Walking through Bournemouth gardens during the Arts By The Sea festival’s opening weekend it’s easy to feel a part of something beautiful. During the day caped creatives peddle something outside of the everyday experience. The festival brings together talent from all disciplines and spray paints it onto Bournemouth town.
It would be easy to get lost in the decadent exhibition, with such a constant stream of distraction and delights the mind can easily wander in the wonder. For this reviewer it began on Friday night, at the Key West on the pier. The press pass tied around my neck was in stark contrast to the neck ties of the collected suits that were celebrating their part in putting this all together. The open bar helped to calm my nerves as we were encouraged to mingle and schmooze. Taking my wine onto the balcony to smoke a cigarette sound tracked by the incredible sounds of the Jack Macguire & Don Kipper Balkan Duo I lose myself in the incredible scenery trying to ignore the stale scent of tourism board.
Saturday begins on the poetry bus, which by all rights should be a celebration of the incredible talent of the local poets whose work is showcased. However the machinations of the bus itself obscure the words a little, taking a pew on the comfortable yellow bus I read the words of Bob Hill, Aaron Lowney and Nkech Nwokolo. It would have been a more impressive feature had the poets been there to read their work, perhaps I had just come at the wrong time. Moving on we follow a band dressed in an array of ghoulish garbs as they lead a funeral procession through the gardens. We join in the impromptu Dia De Meurtos having a little boogie before moving deeper into the gardens. Next up we’re greeted by some giant vibrating, humming blue balls. Their purpose unclear we give one a cuddle trying to immerse ourselves in this offering, shouting through the confusion it’s clear they’re simply hear to inspire a child like sense of curiosity, their lack of explanation itself justification. Next up we settle down in front of the bandstand and we’re greeted once again by the Jack Maguire & Don Kipper Balkan Duo, perhaps the hardest working band of the weekend this is neither the first nor the last billing for this fusion band who once again amaze with their swingtastic grooves.
As dusk slowly descends upon the gardens a new atmosphere takes hold, we start off by watching the spellbinding performance by Highly Sprung of their piece The Urban Astronaut. A dystopian sci fi story told through dance and innovative prop use, watching the crane propelled astronaut slowly soar towards the protagonist as if in zero gravity was truly mesmerising. Setting up our minds for the suspension of disbelief we now take another walk through the gardens which are now alight with a neon glow. On our journey we take in the Secret Life Of Trees by Will Simpson and Toby Wiltshire, a deeply unsettling soundscape accompanies the strobe communication set into the greenery of the gardens. This dissonance reminds us how uncomfortable we are when faced with a resonance perhaps outside of our usual existence. Further along we take the trip through the Travelling Light piece by Ithaca. Visually arresting you cannot help but linger in the curious space created atop this bridge, surrounded by the dangling neon glow and audio from a separate space all together it’s possible to get lost inside this bubble outside of reality for a moment or two.

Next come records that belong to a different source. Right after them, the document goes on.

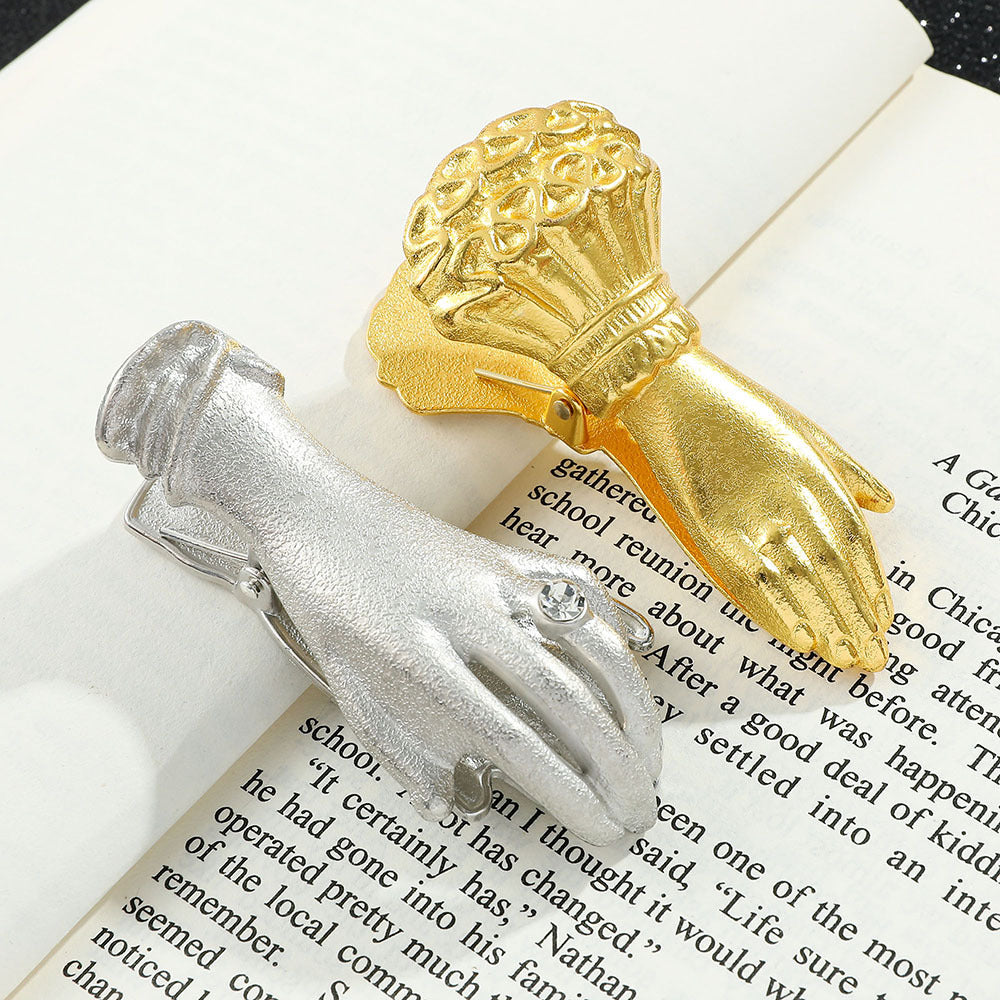 A close-up of two metal journal clips resting on an open book with printed text. The top clip is a large vintage gold hand holding a rose bouquet. The bottom clip is a small antique silver hand wearing a rhinestone ring. Both aesthetic tools are perfectly securing the book pages.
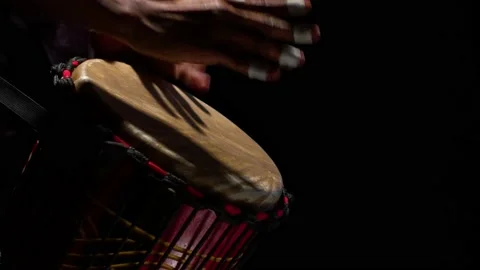Black man drummer rhythmically beats hands on the African drum in the studio Stock Footage 151193868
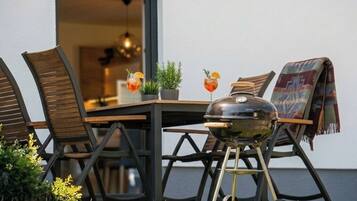 Een eethoek buiten met een tafel, stoelen, een barbecue en twee drankjes.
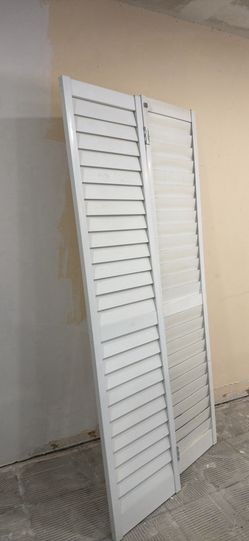 White PVC bifold closet door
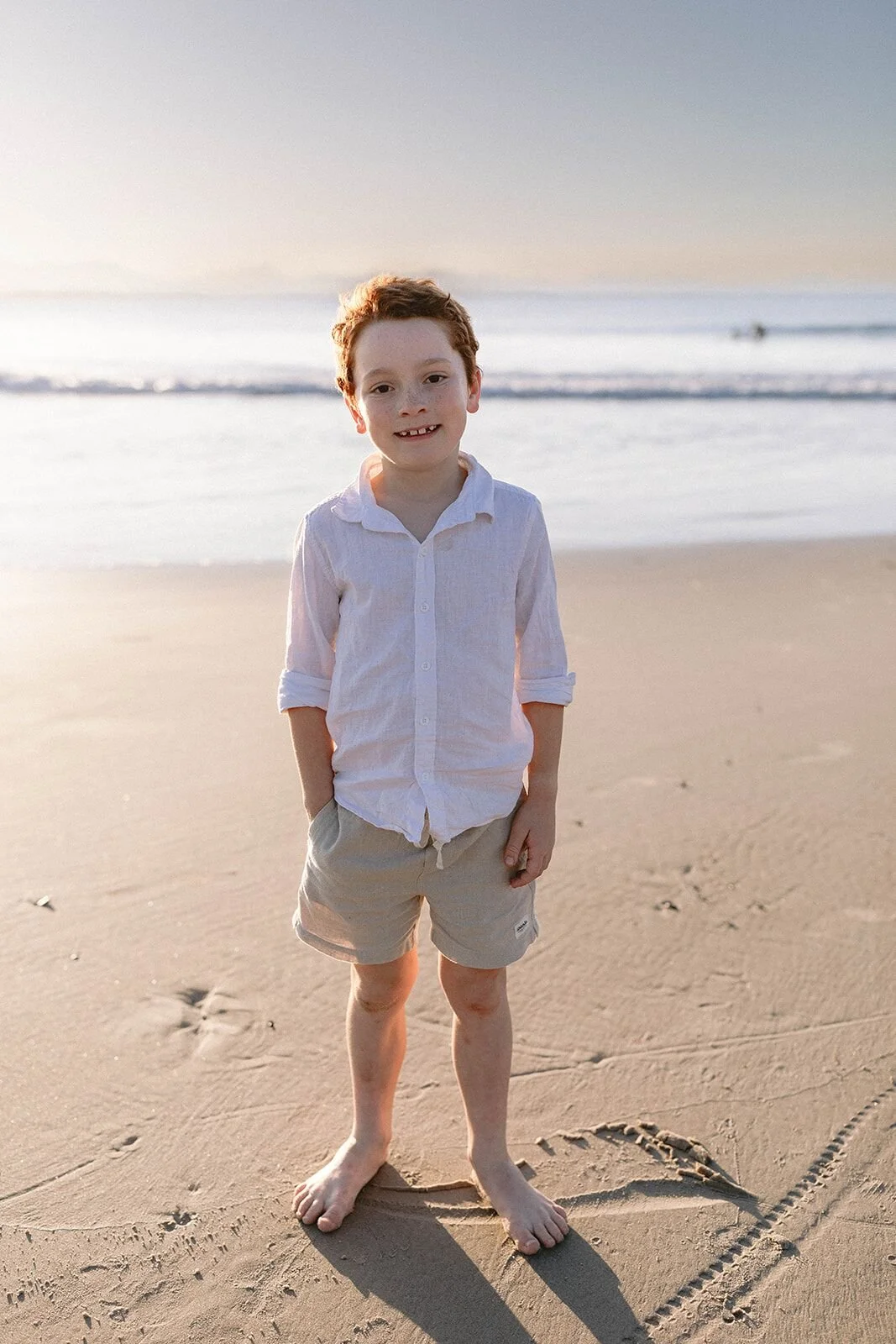 Boy in a white shirt and khaki shorts standing barefoot on the sand at sunset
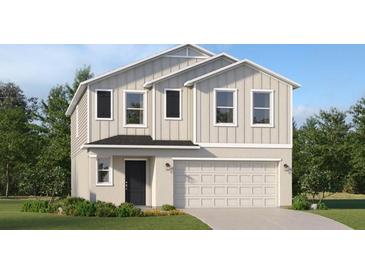 Two-story home features a front-entry two-car garage, landscaped yard, and vertical siding at 1918 Sarah Ln, Winter Haven, FL 33884
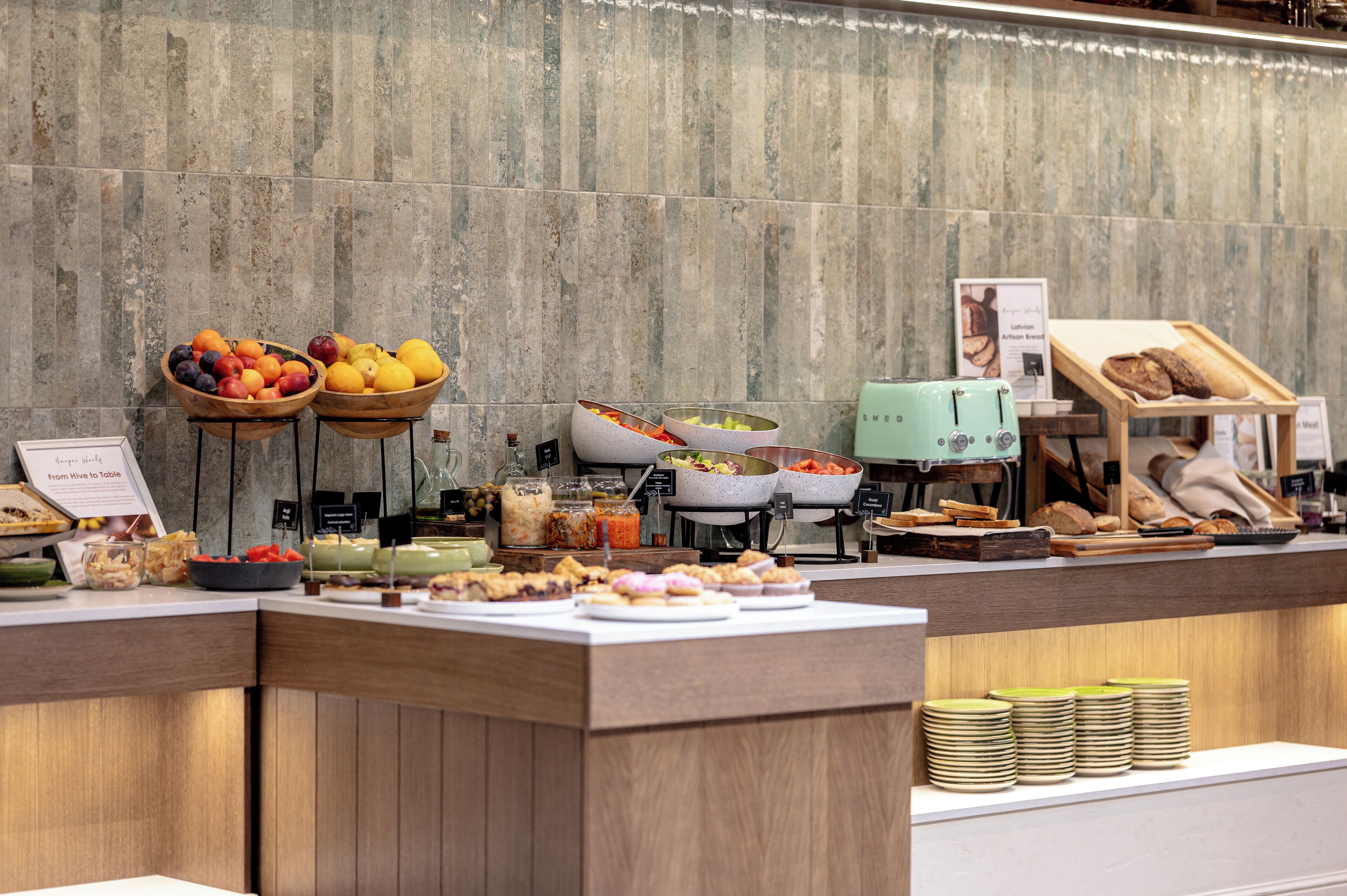 A buffet with various food items and a bread display.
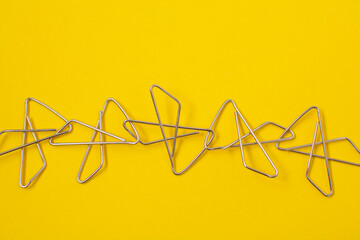 Paper clips attached to each other. Concept of partnership,cooperation,teamwork or joint venture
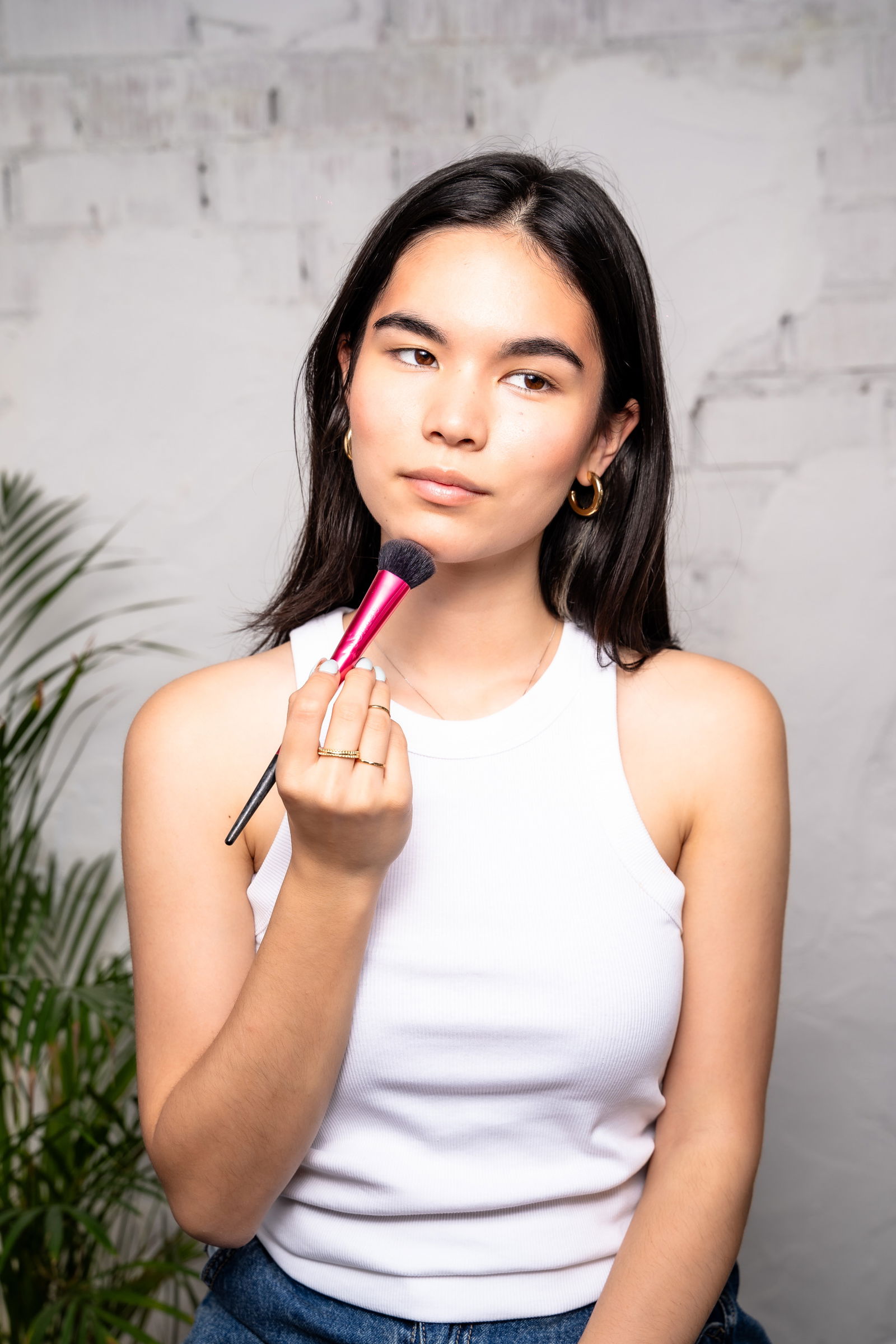 Girl showing how to apply bronzer to jawline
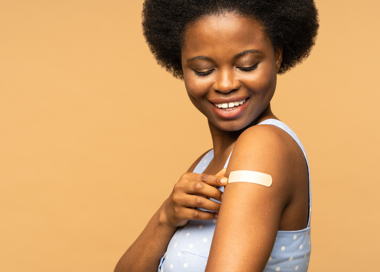 A person smiling and holding the belly.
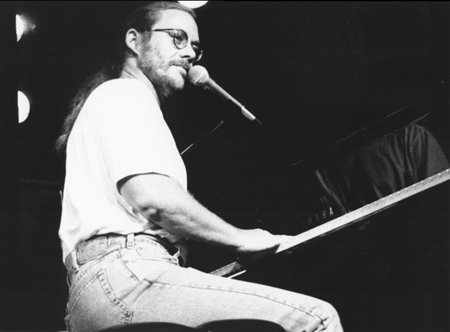 Warren Zevon with a ponytail and a piano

We finish by following the Sea Of Freaks procession from the Triangle down to the finale on the seafront. The samba march is a festive affair and a true celebration of all that came before. The Jellish element by Thingumajig is especially distorted bringing up the rear of the ensemble, we spent more than a few minutes enveloped in their otherworldy jellyfish umbrellas. The march finishes at the finale show, something that seemed oddly unspectacular and it was a very curious decision to black out the fence surrounding what was billed as a free event, turned away by the congested funnel towards the show we could only watch the peak of the pyrotechnic display as we sat on the beach and reflected over all the other fantastic sights we’d seen over the course of the day.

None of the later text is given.